Speaking of anxiety, it is what has kept me from writing here and everywhere but perhaps if I promise more here soon, I’ll be able to jump this hurdle and come back to it.

Ways Cancer Doesn’t Suck: Uncles Edition


My dad has two excellent brothers who married two interesting women. My dad is also, incidentally, excellent and my mother interesting so I’d say my grandparents did a pretty bang-up job. I also have pretty awesome cousins. In my mind, they have no faults but I suppose that’s what happens when you’ve only ever seen them a handful of times. Which is, I suppose, to say that my dad and his brothers aren’t particularly close.

I’m not sure my California uncle has ever visited my father (although the opposite has occurred) but if I lived in Monterey, I certainly would be happy to have visitors come to me as well. The glioblastoma has changed all sorts of things and so it is that my uncle has come to visit. My mother invited my other uncle to come at the same time. I don’t know why since her house is teensy and she has a sum total of 4 places to sit. She did it to my sisters, too. I think she wants to inflict family reunions on people when, in reality, everyone just wants my dad to themselves for awhile.

And so there we were, grilling on the porch, one uncle knocking back martinis as quickly as he is able and the other being felled by narcolepsy mid-chicken-flip. If you have never seen this in action, imagine someone just crumpling to the floor without warning. Everyone in my family just goes on as normal, which is both odd and comforting (although, if you’re my wife, just as shocking as some of the other ridiculous things that happen in this family).

It wouldn’t have happened if not for the cancer and I really like my uncles so it’s a silver lining in a whole mess of awfulness. Also, my dad’s birthday is today so, while not a silver lining, it’s pretty awesome that he got to see 70 after all.





Books for 5 year olds, part 2

This is one of those posts very much about five-year-olds, fair warning!

So, we’ve taken on some books this month with varying success (list here). Zita the Space Girl was a tremendous hit as was Ozma of Oz. Both are parts of series, which is nice. Both are also graphic novels. That worries me a bit with reading comprehension but she has BANG (every fifth Zita page) and CREE CREE CREE (winding Tik Tok the robot) and KUT-KUT-KA-DAW-KUT (Billina, the chicken) down pat. I’m not giving her enough credit here. She’s reading, really reading which is a relief since many Montessori educated kids trail behind a bit for a few months when they enter public first grade. I just don’t think she can read much at once and get it which I suppose is normal for her age. So CREE CREE CREE can’t be the sum total of her evening reading experience, even if it is super cute to see her apply it in robot situations outside of reading time.

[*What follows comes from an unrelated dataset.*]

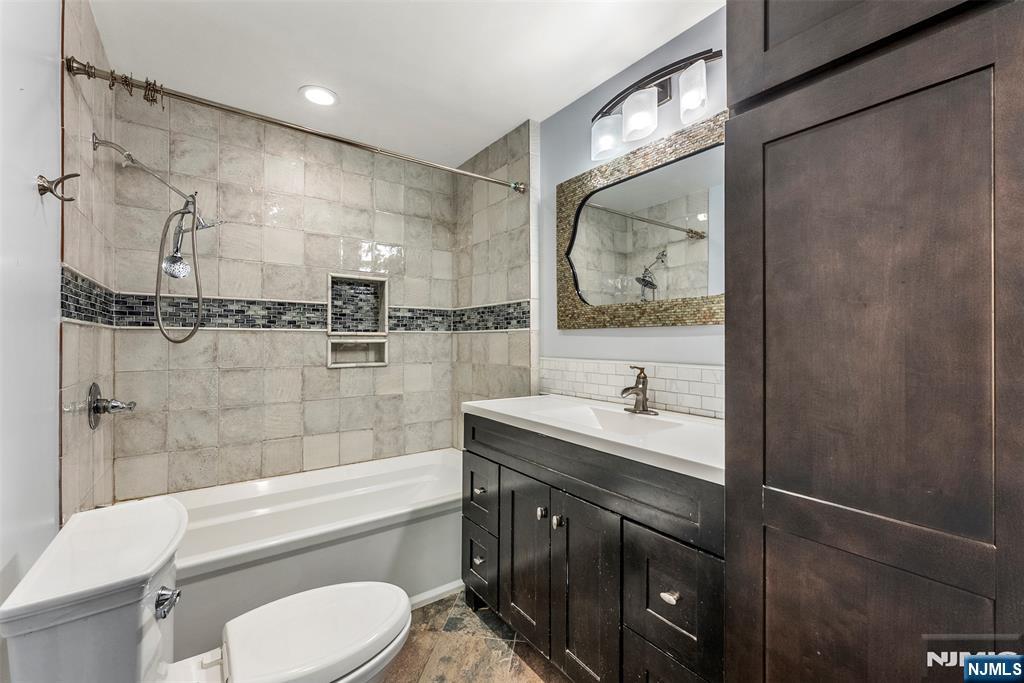 1 Dunn Road West Orange, NJ 07052 - Photo 1 of 20 a bathroom with a sink toilet and shower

The Boxcar Children and Choose Your Own Adventure: Return to Atlantis were a little old for her or a little less interesting, hard to say. She did manage to survive an entire Choose Your Own Adventure thread on her first try which is pretty remarkable if you have any experience with them. I think we’ll come back to the Boxcar Children later, or she can come back to them on her own. At least, assuming she isn’t buried in a graphic novel the rest of her life.

We also gave Inky the Indigo Fairy a go (part of the Rainbow Fairy series). It had only line drawings on every other page but the subject matter is near and dear to RR’s heart so it was a hit. I know she adores fairies (almost as much as princesses) but I had forgotten how utterly passionate she is about the color indigo and its placement in the spectrum. She has loved The Rainbow Goblins since she was small and, if you start talking rainbows, you had better be correct on indigo and violet lest you get a lecture on science.

The Princess in Black and the Hungry Bunny Horde is up next because, come on, that title.